From the Maslanka Archive features media and stories of David’s life and work. Did you work with David? Please consider contributing material.
It’s time for another edition of From the Maslanka Archive. We are actively building the Archive, but it won’t be ready for public viewing for a while. In the meantime, we wanted to show off some great items we’ve already collected.
We also wanted to inspire YOU to help grow the collection. We would love to feature you in an upcoming edition! Simply provide us with photos, video, audio, or stories of your time together and you may find them on the front page.
This week, we are excited to feature a letter written by Gregg Hanson entitled Moments. Moments recounts Gregg’s memories of David, his music, and the relationship the two shared for over twenty-five years.
While director of bands at the University of Arizona, Gregg performed nearly every major piece of David’s and commissioned several. He is responsible for commissioning perhaps David’s most important work, the 1996 Mass. Gregg invited David back to Tucson for the final time in 2016 to help prepare a performance of Symphony No. 2 for his retirement concert. The following is an open letter Gregg wrote to commemorate David’s passing.

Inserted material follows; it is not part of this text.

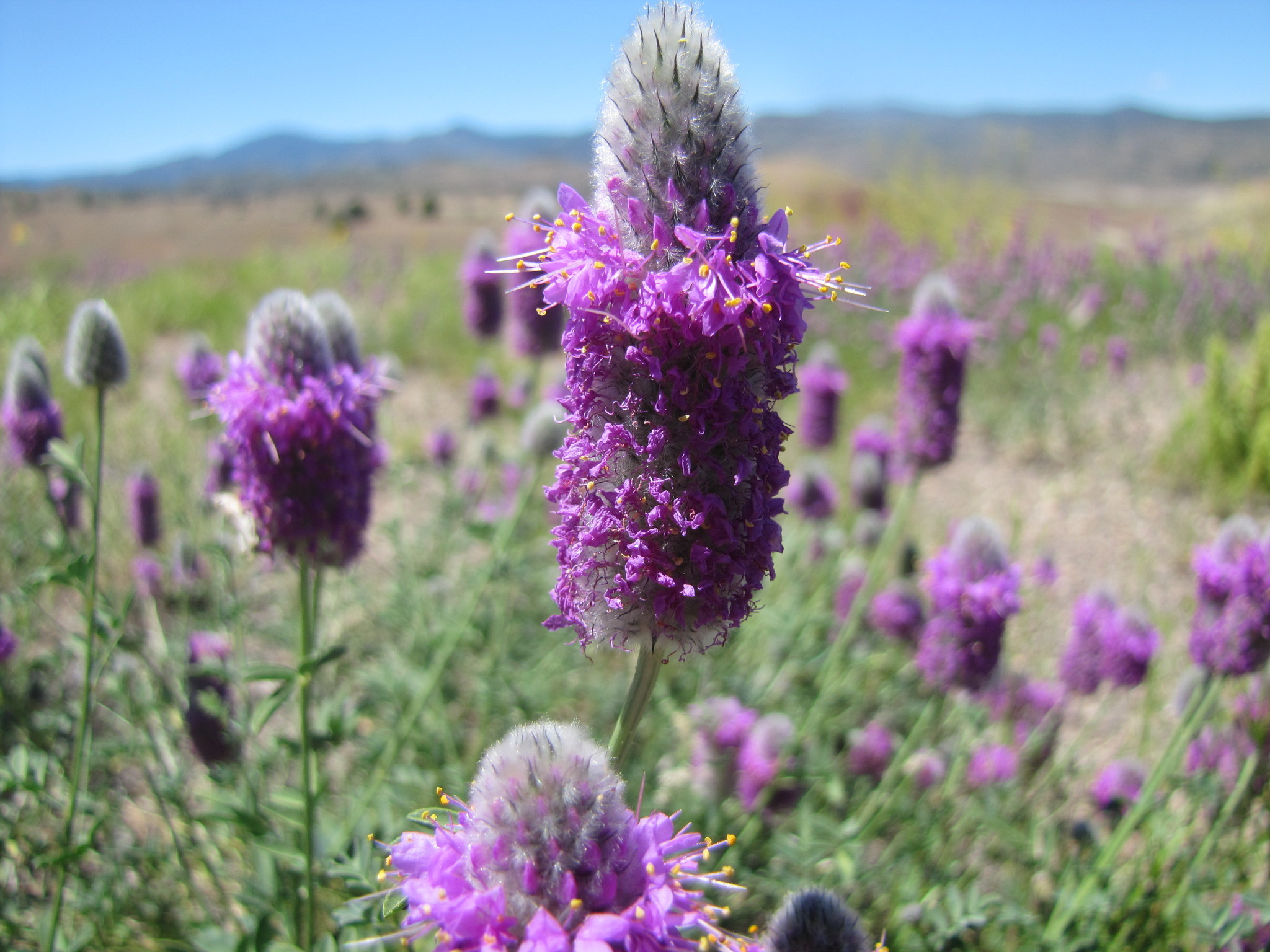 Dalea ornata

My dear friend and colleague David Blackinton, then Director of Bands at Brigham Young University, sent me a cassette tape in the spring of 1987 and included a note saying, “you’ve gotta hear this.” He had been at the National Conference of CBDNA a few months before where he heard the premiere performance of David Maslanka’s Symphony No. 2 conducted by John Paynter. The semester had ended for me at the University of Utah and I was taking what I thought was a well-deserved break on the deck of the pool at my condo. As I began to bake in the sunshine, I popped the cassette into my Walkman and entered Maslanka World. I was not aware at that moment, but my musical and creative life would change forever.
I was drawn to David and his music in an insatiable way. In the spring of 1992 we met, and the following spring was his first visit of 23 to the University of Arizona Fred Fox School of Music. I learned over time how to approach his music which was unlike any wind band music from any other composer. It is filled with dramatic contrasts, extreme orchestrations, unique combinations of stylistic compositional styles, and most of all, a quality that reaches directly to the soul. My students and I grew extensively as we traversed the massive landscape of his music. Premiers, recordings, and tours (including his first exposures in Europe and China) ensued as our partnership expanded.

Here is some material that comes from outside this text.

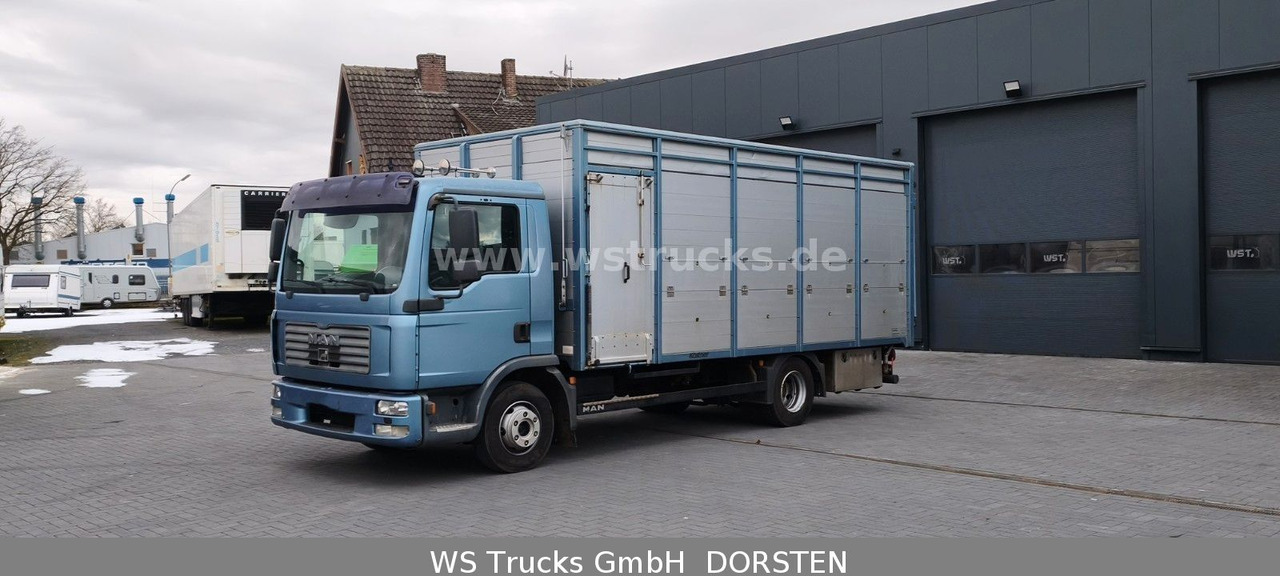 MAN TGL 10.210 1 Stock Viehtransporter - Camion chevaux: photos 2 MAN TGL 10.210 1 Stock Viehtransporter - Camion chevaux: photos 2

When I made my decision to retire in the spring of 2016, it was the end of a logical and deeply meaningful relationship with David and of course, my program would include the Symphony No. 2. It was, after all, my first exposure to his music and my last concert at U of A. I opened with the Dvorak Serenade in D Minor, featuring my colleagues of the applied wind faculty followed by a work composed for the occasion by my dear friend, David Whitwell… and then the Symphony.
David spoke at the concert as did I. I wanted the occasion to be intimate. When I took my final bow with David, I walked off stage with the feeling of accomplishment and the full circle of my love and passion for my career and David’s friendship and music in it.
As is frequently the case, rehearsals are sometimes more magical than the performance. I had had many of those experiences before but the rehearsal the evening before the concert was an electrified affair, and, as an open rehearsal, many colleagues and former students were in attendance. There was one “moment” which I shall never forget. I spent a lot of time over the years hoping to please David – not an easy task – and for myself to connect to the music in an indescribable way that involves “leaving” your conscious mind and entering into what he called “the dream space” which transcends conscious awareness. As it happens, one of those moments happened in that rehearsal. Everyone in the room knew it on some level. I stopped the music and there was a long silence in the room. As I looked at David, he had tears in his eyes and was overcome with emotion. There was nothing much that needed to be said. The connection with him, his music, and my students had been made. We had accomplished the intent of this music – the greatest goal of all artistic endeavor. It is not initiated by one person but is the collective energy of everyone present in equal measure. It’s a “moment.” When the great British actress, Helen Hayes, was asked by a young interviewer what it was like to have had such a magnificent career, Ms. Hayes replied, “I’ve had moments, dear.”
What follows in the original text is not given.